Which Intel chipset has your system?
All Intel RST drivers since v13.2.x.xxxx natively do only support Intel 8- and 9-Series Chipsets.

Which Intel chipset has your system?
All Intel RST drivers since v13.2.x.xxxx natively do only support Intel 8- and 9-Series Chipsets.




Z87
Looking at the logs the eerror comes from not finding an inf section ssince the inf are explicitly forkernel 5.x and 6.2 (not 6.4), so it finds no matching OS.

You must have done something wrong.
Here is the proof, that it is no problem to get the Intel RST AHCI driver v13.5.0.1056 WHQL properly installed onto an Intel 8-Series Chipset system running Win10 TP Build 9879:

You misunderstood.

Installing from a normal boot, the Intel controller installs correctly and I get the same result as your included image. However, the 4k performance is not up to snuff, it is about 1/2 of what I get on windows 7.
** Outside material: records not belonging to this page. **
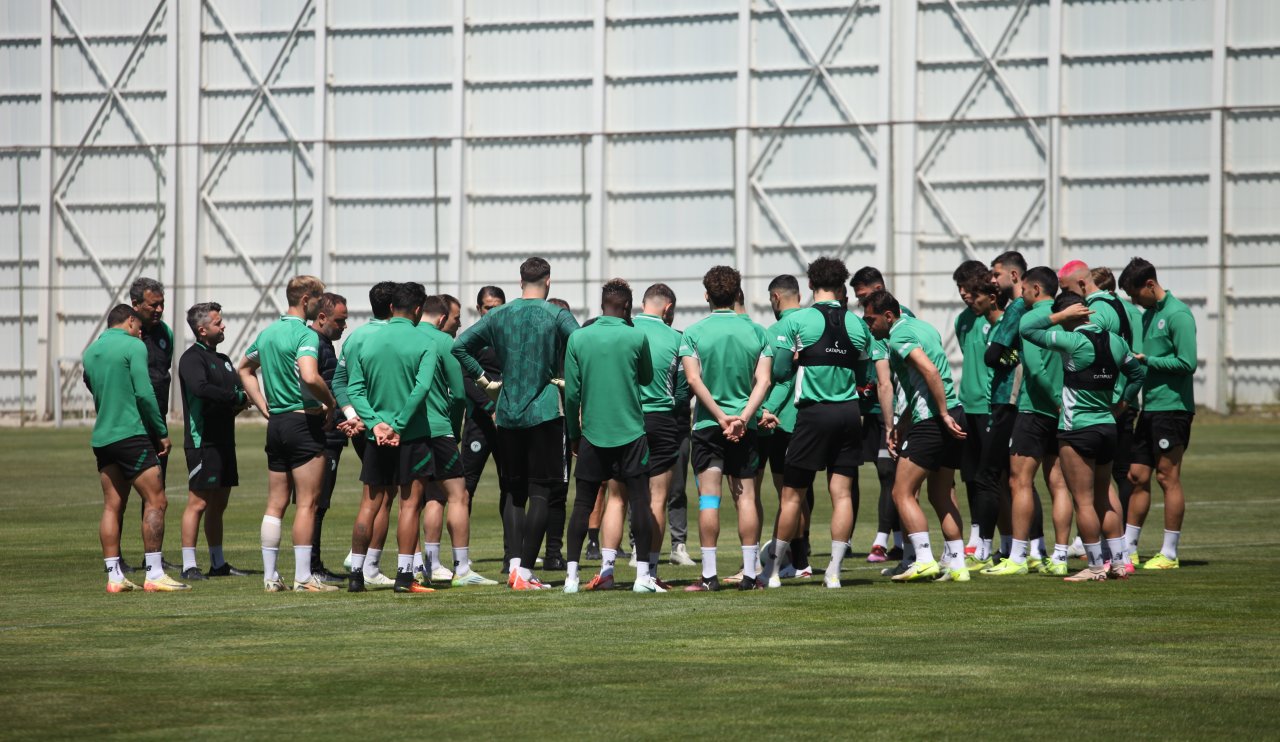 Konyaspor son maç için İstanbul seferinde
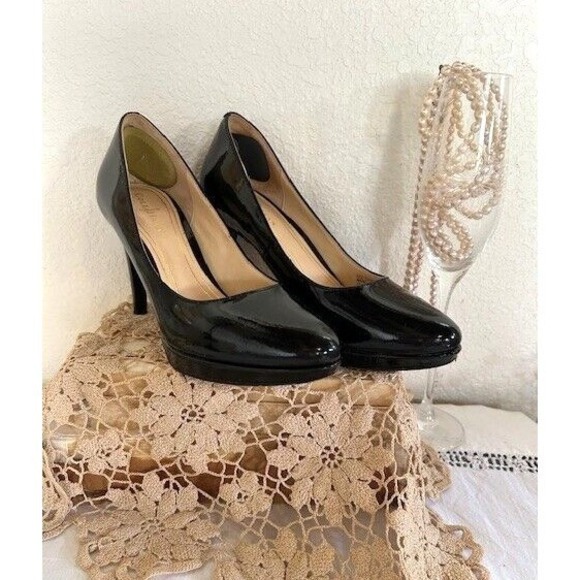 COLE HAAN size 6B Shoes Black Patent Leather 3.5" Heels NIKEAIR - Picture 1 of 6
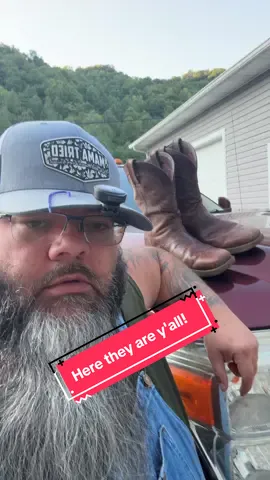 @SHOEBACCA Durango patriotic distressed boot. Comfortable and fit perfect. #shoebacca #durango #farmtok #boots #tiktokshopcreatorpicks 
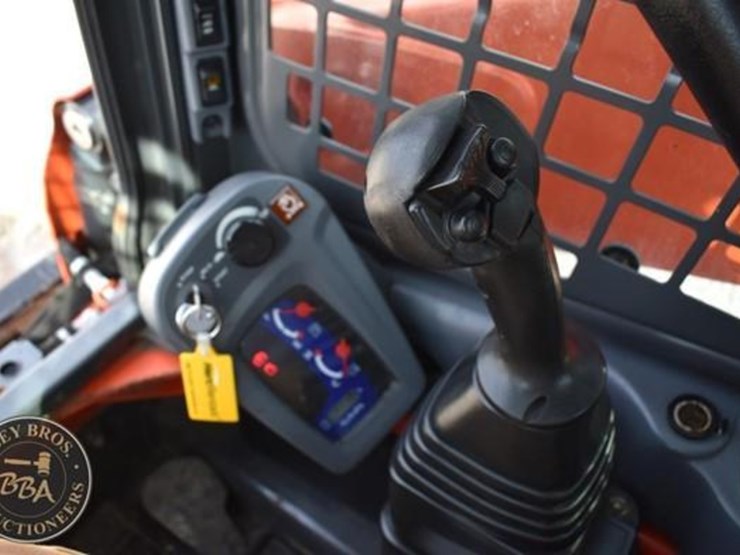 2020-kubota-ssv65-image-42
I tried doing the same ll in safe mode, and I get this:

Capture.PNG




Here is what I get: Two 128GB 840 Pro in Raid0:

asssd-w10.PNG



What I get for Windows 7 is 36 MB/s 4k reads, 112 MB/s 4k writes. The access times are also pretty terrible. Here is windows 7:

raid0.JPG

@ geneo:

If you want the best possible performance, you should wait until the final version of Windows 10 is out.
1. The actually available Build versions of its Technical Preview are not optimized at all regarding the RAID0 performance.
2. Intel has not yet customized their RST Software for a full Win10 support.

By the way:

  • The topic of this thread is “Win 10 TP Build 9879 compatible AHCI RST?”, but you are obviously running your Intel SATA Controller in RAID mode.
  • It seems, that the problems, which are discussed within this thread, are caused by the RST Software(especially by the RST Service, which is running in the background) and not by the RST Drivers.